Crawled caption data
——

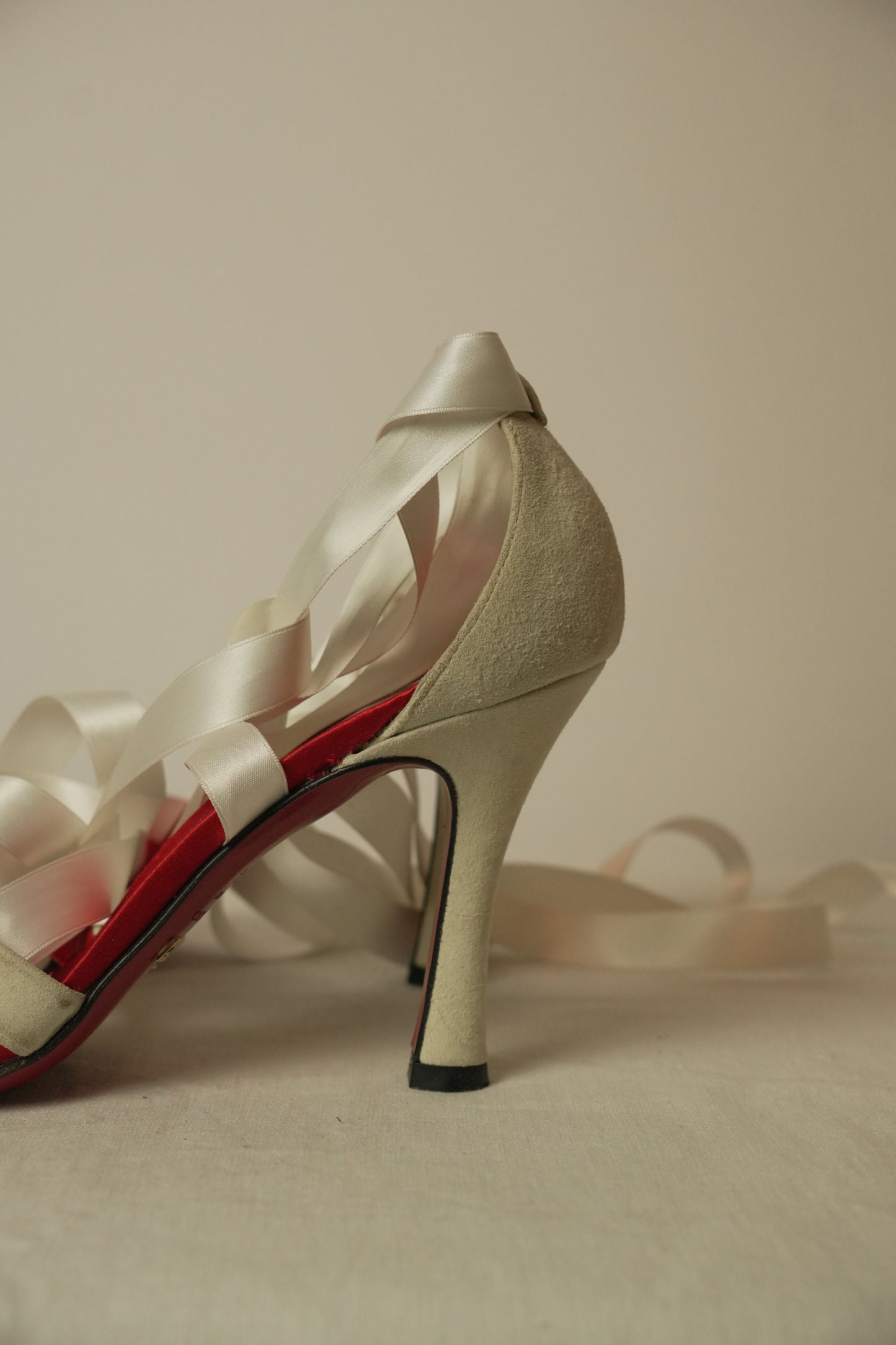 Dolce & Gabbana White Velvet Lace Up Ribbon Sandal Heels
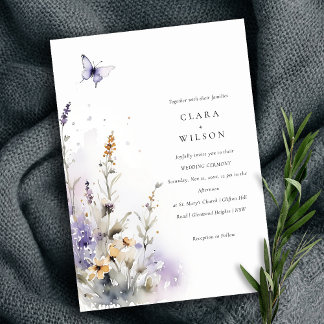 Invitation Soft Lilac Fleur sauvage Butterfly Garden Mariage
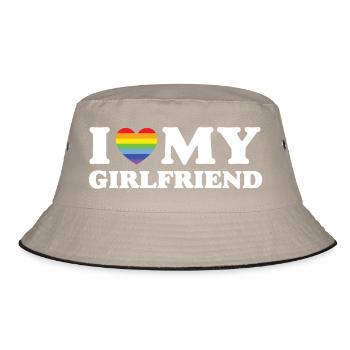 J’aime ma copine - LGBTQ - Bob - kaki/noir - Devant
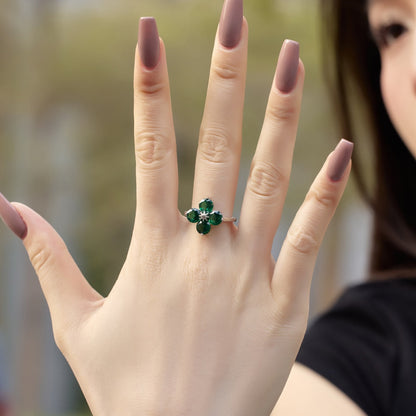 ˇStella JewelryˇFour-Leaf Clover Eight-Pointed Star Ring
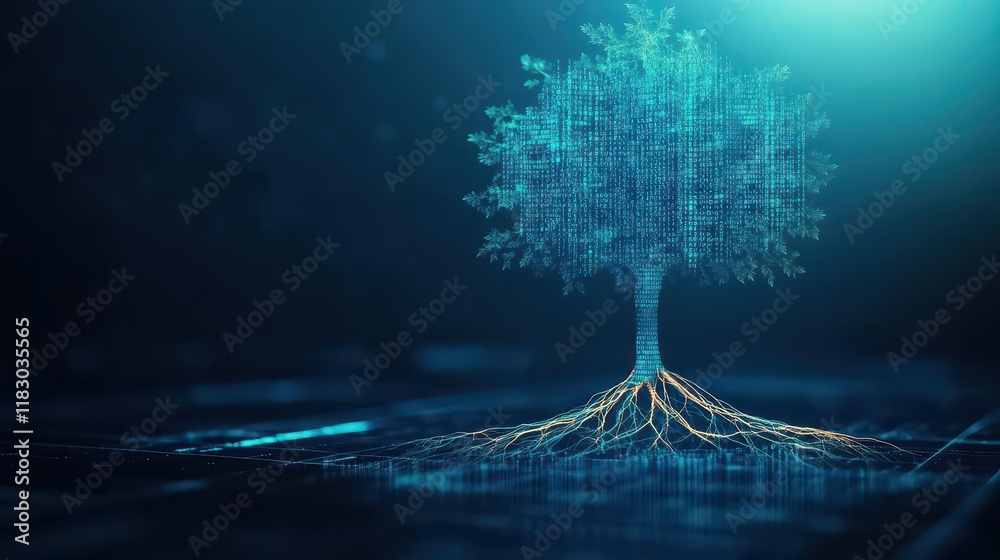 Poster A conceptual data tree with roots entangled in code, depicting the vulnerability of digital ecosystems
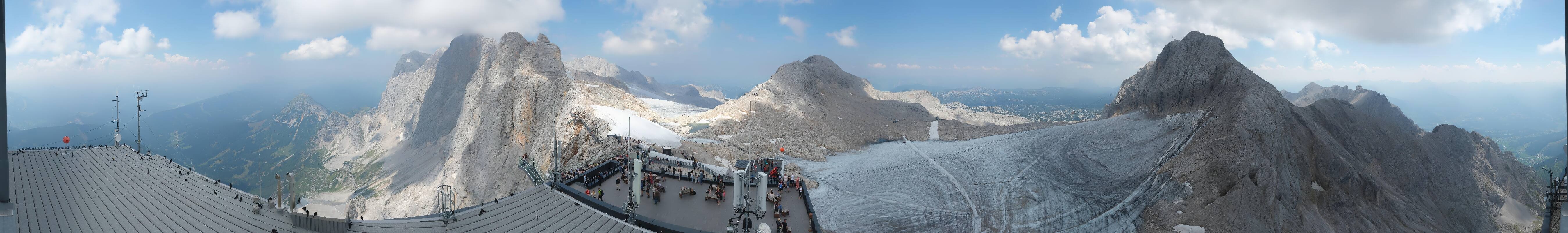 Archiv Foto Webcam Dachstein Gletscher: Panoramablick von der Bergstation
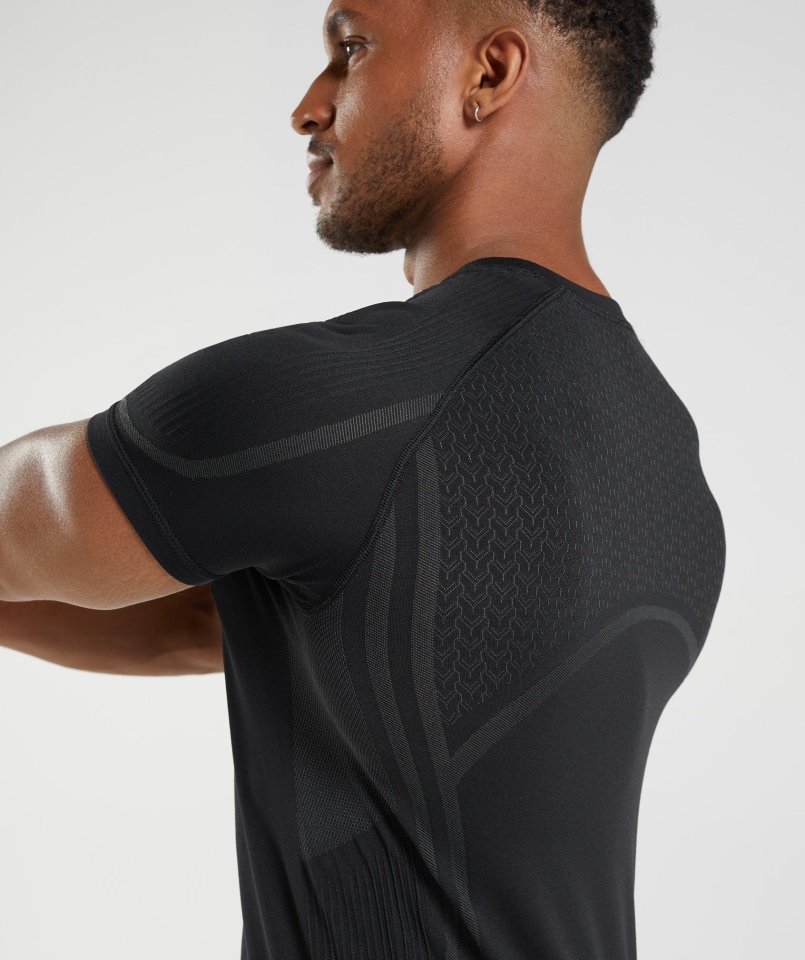 Gymshark 315 Bezszwowa Koszulka Czarna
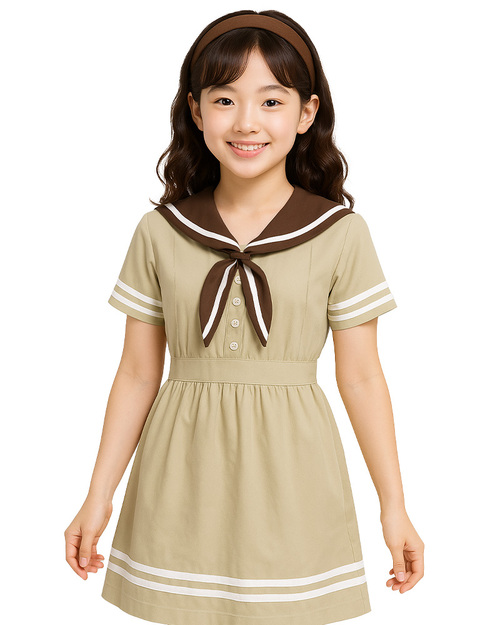 合唱團服 水手洋裝 訂製 卡其<span>SHO-D14b</span>示意圖
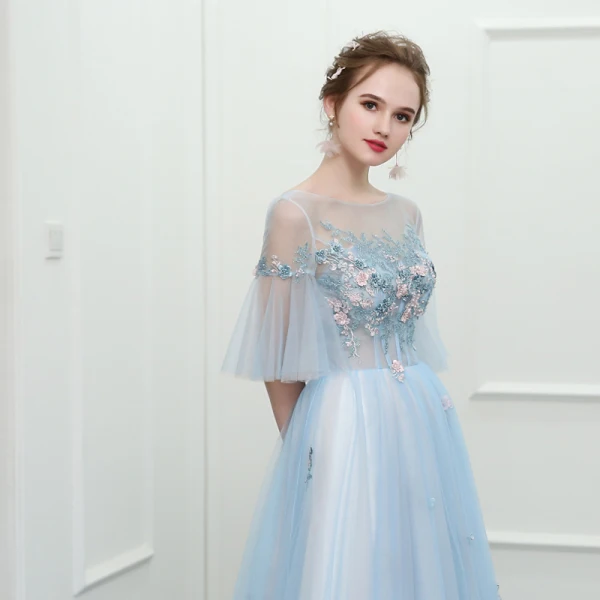 Sparkly Sky Blue Chapel Train Evening Dresses  2018 A-Line / Princess Tulle U-Neck Appliques Backless Beading Evening Party Formal Dresses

——

## TASK DIRECTIONS
Copy exactly the lines from the one containing "合唱團服 水手洋裝 訂製 卡其<span>SHO-D14b</span>示意圖" through the final line of the records above, both included, and leave out any pictures.

## RESULT OF THE EXERCISE
 合唱團服 水手洋裝 訂製 卡其<span>SHO-D14b</span>示意圖
 Sparkly Sky Blue Chapel Train Evening Dresses  2018 A-Line / Princess Tulle U-Neck Appliques Backless Beading Evening Party Formal Dresses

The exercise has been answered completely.